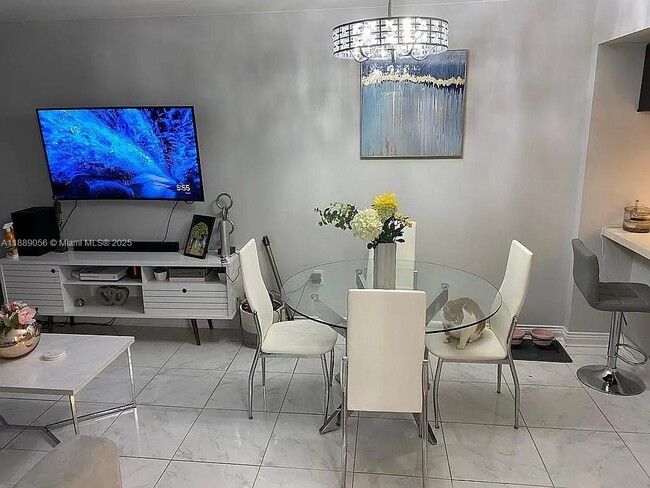 Building Photo - 800 N Miami Ave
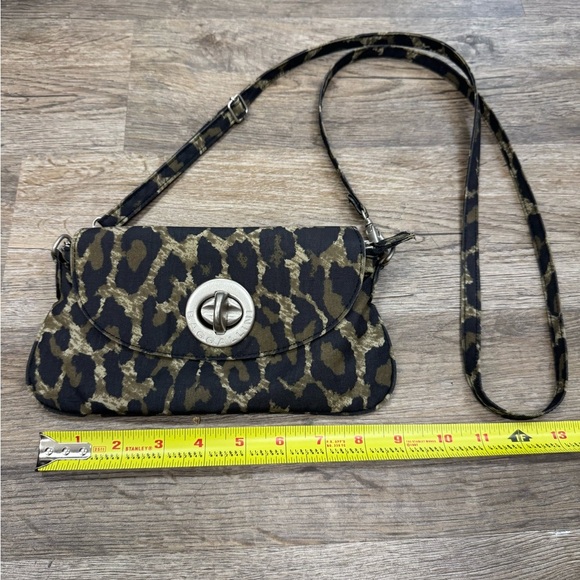 Baggallini Handbags - Baggallini Black and Tan Leopard Crossbody Bag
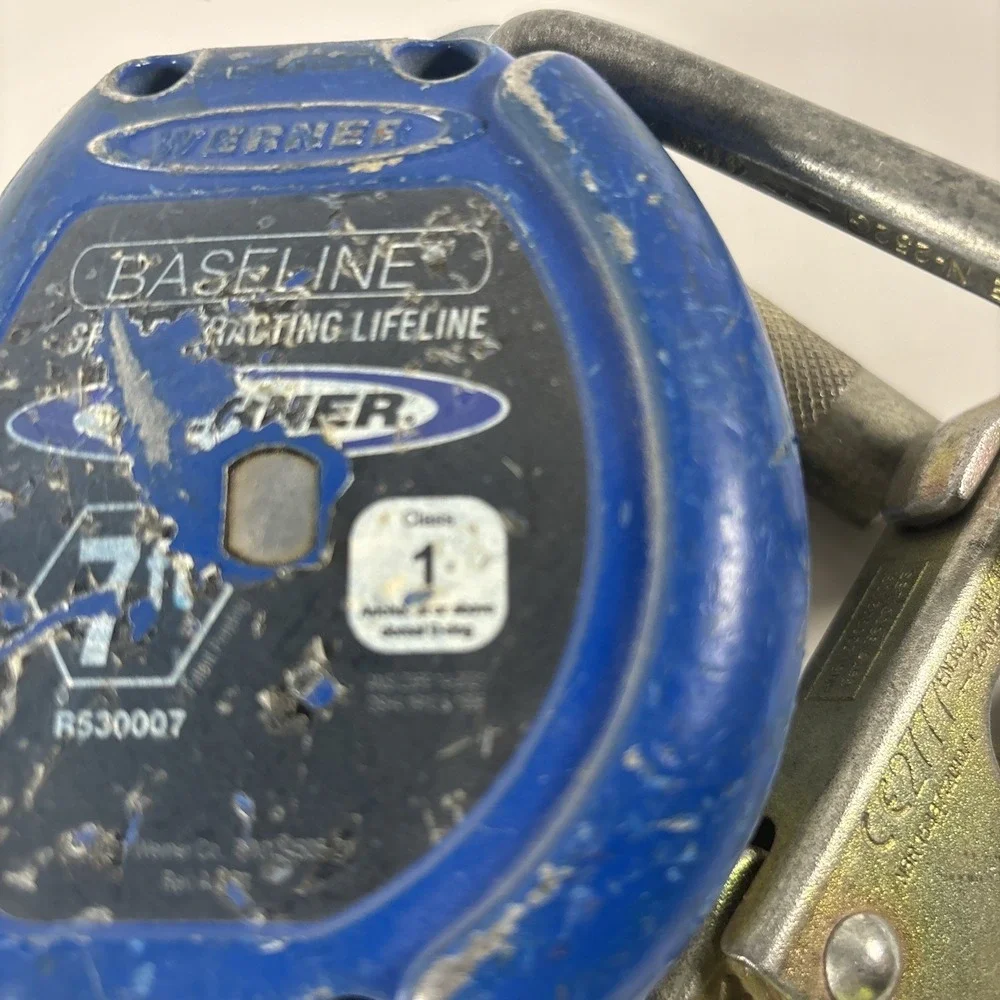 Werner Baseline Self Retracting Lifeline SRL R530007 Class 1 Fall Protection 7ft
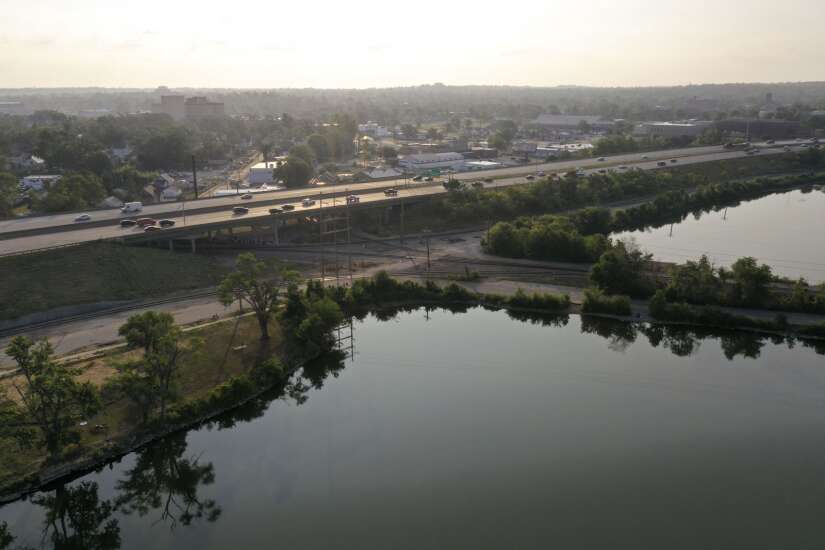 Cedar Rapids negotiating $10M deal to buy land for flood control around Cedar Lake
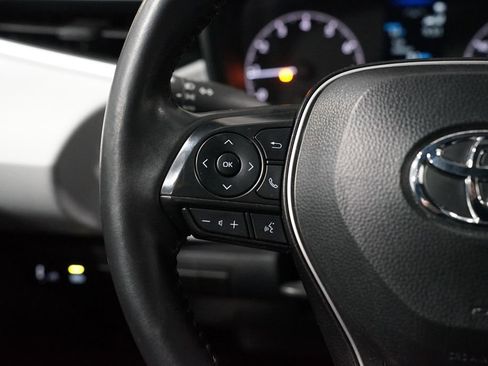 Certified 2025 Toyota Corolla SE image 14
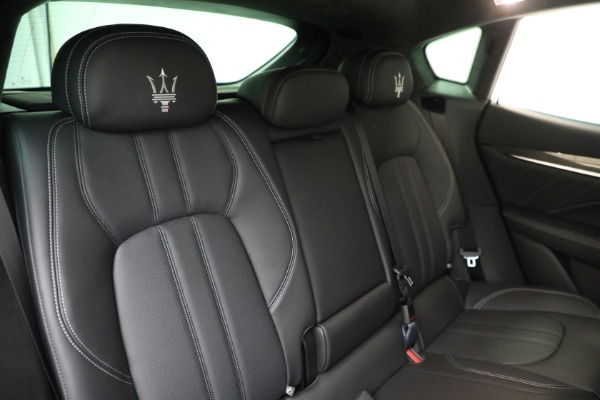 New 2022 Maserati Levante Modena for sale $78,900 at Pagani of Greenwich in Greenwich CT 06830 26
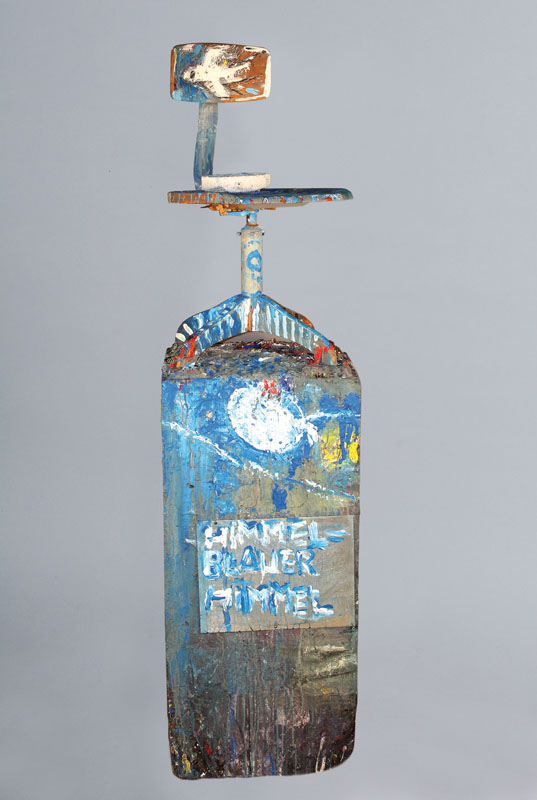 Heiko Pippig, geb. 1951, Meisterschüler von Markus Lüpertz und Bernhard Heisig, Installation, "Himmel blauer Himmel", Stuhl auf großem ...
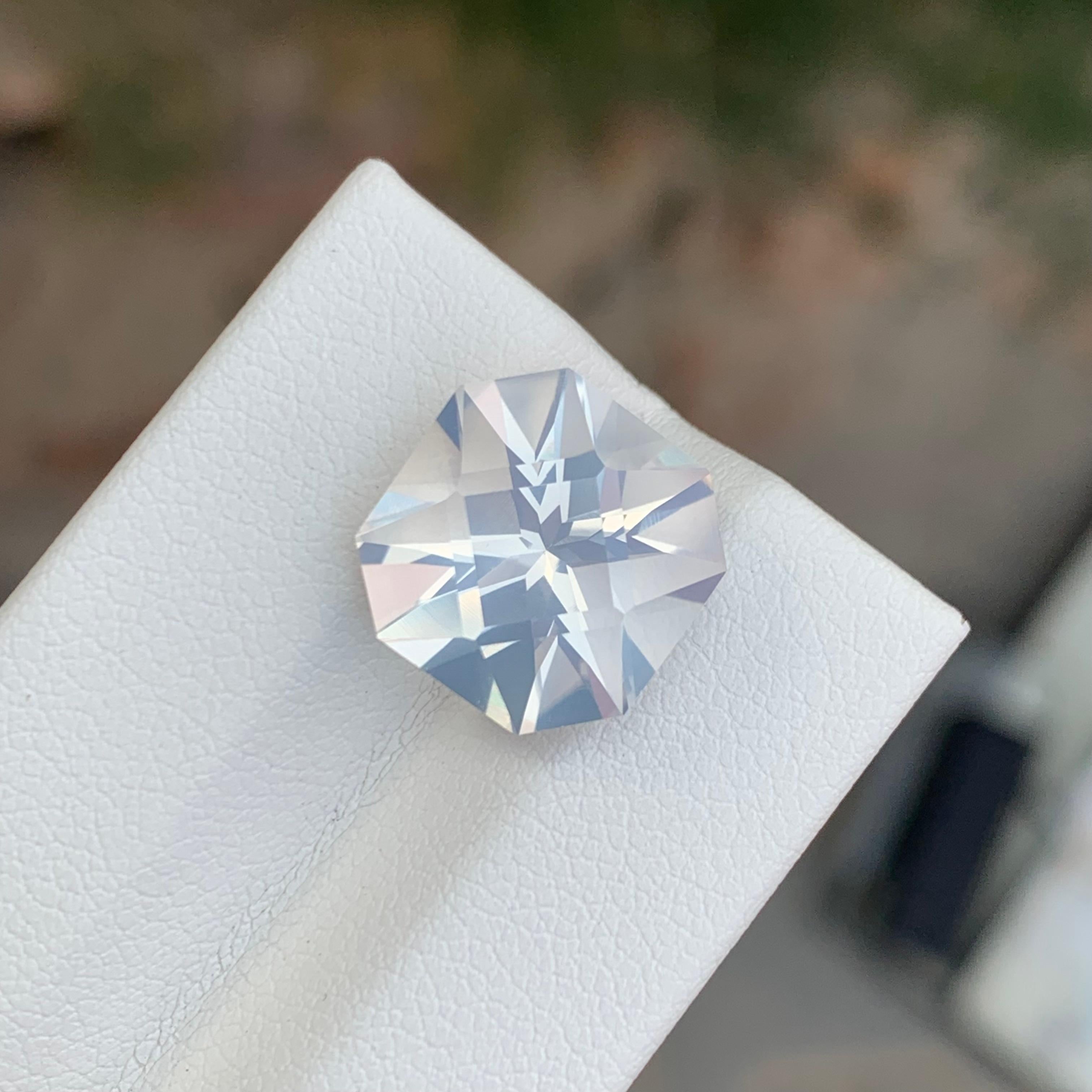 7.65 Carat Natural Loose Moonstone Square Shape Gemstone (pierre de lune en vrac de forme carrée) en vente 1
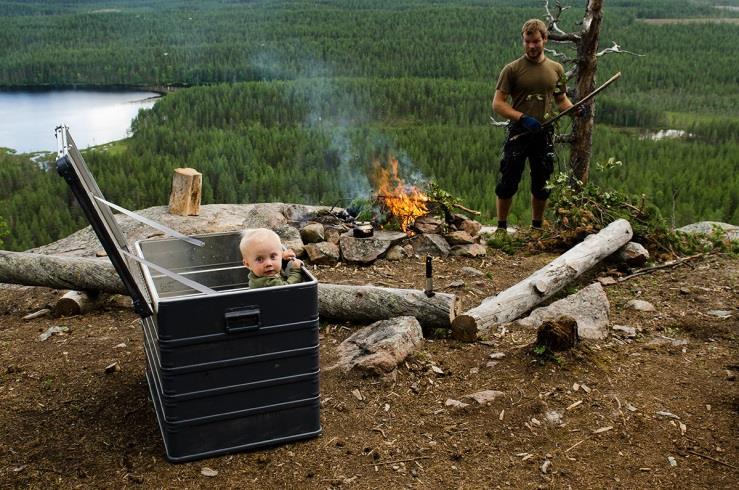 ELD, VATTEN & ÖVERNATTNING Ovanför klippan finns en fin grillplats där vi hoppas kunna bygga ett vindskydd i framtiden.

━━━━━━━━━━

### Directions for this task
Reproduce the data exactly as it appears above. Pictures are to be left out.

### Your solution
 Building Photo - 800 N Miami Ave
 Baggallini Handbags - Baggallini Black and Tan Leopard Crossbody Bag
 Werner Baseline Self Retracting Lifeline SRL R530007 Class 1 Fall Protection 7ft
 Cedar Rapids negotiating $10M deal to buy land for flood control around Cedar Lake
 Certified 2025 Toyota Corolla SE image 14
 New 2022 Maserati Levante Modena for sale $78,900 at Pagani of Greenwich in Greenwich CT 06830 26
 Heiko Pippig, geb. 1951, Meisterschüler von Markus Lüpertz und Bernhard Heisig, Installation, "Himmel blauer Himmel", Stuhl auf großem ...
 7.65 Carat Natural Loose Moonstone Square Shape Gemstone (pierre de lune en vrac de forme carrée) en vente 1
 ELD, VATTEN & ÖVERNATTNING Ovanför klippan finns en fin grillplats där vi hoppas kunna bygga ett vindskydd i framtiden.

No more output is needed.